You’ll remember Impire from when we covered it back at GamesCom last year. It was pretty feature complete even then, and we’re glad we were able to spend a couple of hours with it at this year’s Paradox Convention. It plays really well – the management features are easy to use and all in one place, there’s shortcuts and tool tips for just about everything.
What really stands out about Impire though is its charm. The voice acting is great, with some good banter between Baal, the Imp, and his ‘advisor’ that summoned him who acts as your help guide. Plus, the way the gameplay just comes alive as well is fascinating to watch sometimes. Most rooms that you can build require a worker to man, and these have unique animation sets that they will cycle through, even when no-one’s around. Later in the game, when you start capturing Heroes, you can throw them in a torture room, or in the practice room, which is always funny to watch as well.
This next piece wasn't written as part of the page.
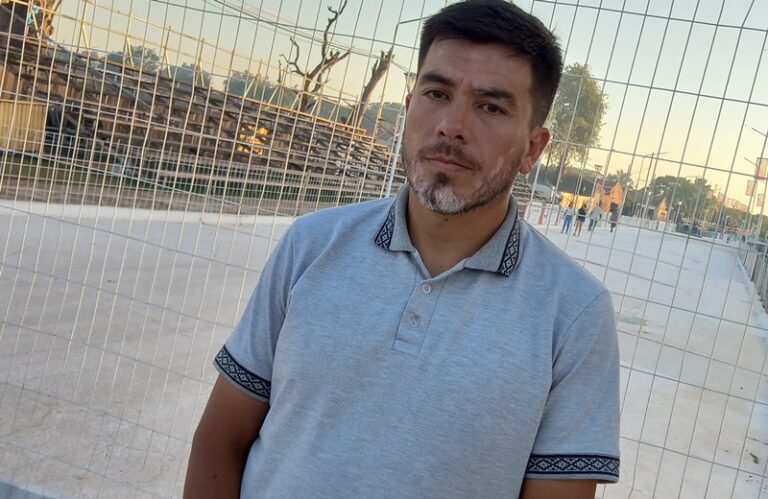 Pese a la crisis, Ipanema festeja sus 40 años con alegría en su paso por el corsódromo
As far as the actual game goes – we were only able to play through the tutorial level, which took a good two hours all on its own. Not because it was difficult, but it’s deliberately paced to introduce you to all of the different elements gradually. The management side of things won’t be the most time-consuming, we don’t think – between questing for loot and resources, and keeping your dungeon safe from pesky heroes, we reckon your attention will be split between several areas at once, which makes the enhanced navigation tools a god send.
This has probably been said a lot by now, but the Dungeon Keeper vibe is definitely alive and kicking in this game, and we’re definitely looking forward to it. Check back soon for our full review.
The Showdown Effect
Those crazy mofos at Arrowhead have done it again. You always worry that when a person or a company is trying to move on from something as successful as Magicka, they’ll spend more time chasing their success than actually making a decent product. I felt that way about M. Night Shyamalan after The Sixth Sense, but luckily that doesn’t seem to be the case for The Showdown Effect.
The Showdown Effect is an entirely different game to Magicka though, and requires an entirely different set of skills. More twitch-based than anything else, Showdown is fast past and action packed. You get to choose from a small number of action-hero stereo-types, customise their looks and the two weapons they can take into combat, and then go nuts. The maps are a mixture of open spaces and corridors, with many options to get from one end to another. They’re spacious, but not massive, and it’s quite easily to lose someone if there’s only two of you left. There’s plenty of fun to be had though as you run through the environment. You can slide along the floor, shooting as you go, you climb up places by bouncing from wall to wall, but you can just as easily grab onto a wall and slide down, again, shooting as you go. Some maps even have elevators and stuff you can use to quickly change locations.
This is definitely going to be a game that will be fun to play, but hard to master. There’s rhythm to movement, for example, in terms of easily running along, jumping over obstacles and climbing walls, and it’s quite east to get it wrong. Shooting requires you to aim with the mouse and shoot, which doesn’t sound hard by when your enemy is bouncing around like a crazy person, accuracy is difficult. There’s also mêlée combat as well, which has its own rhythm – it’s always satisfying to chop someone in half.
A good line-up then for Paradox going into 2013 – with most of it coming sooner rather than later though, we can’t wait to see what they’ve got lined up for later in the year. Until next year.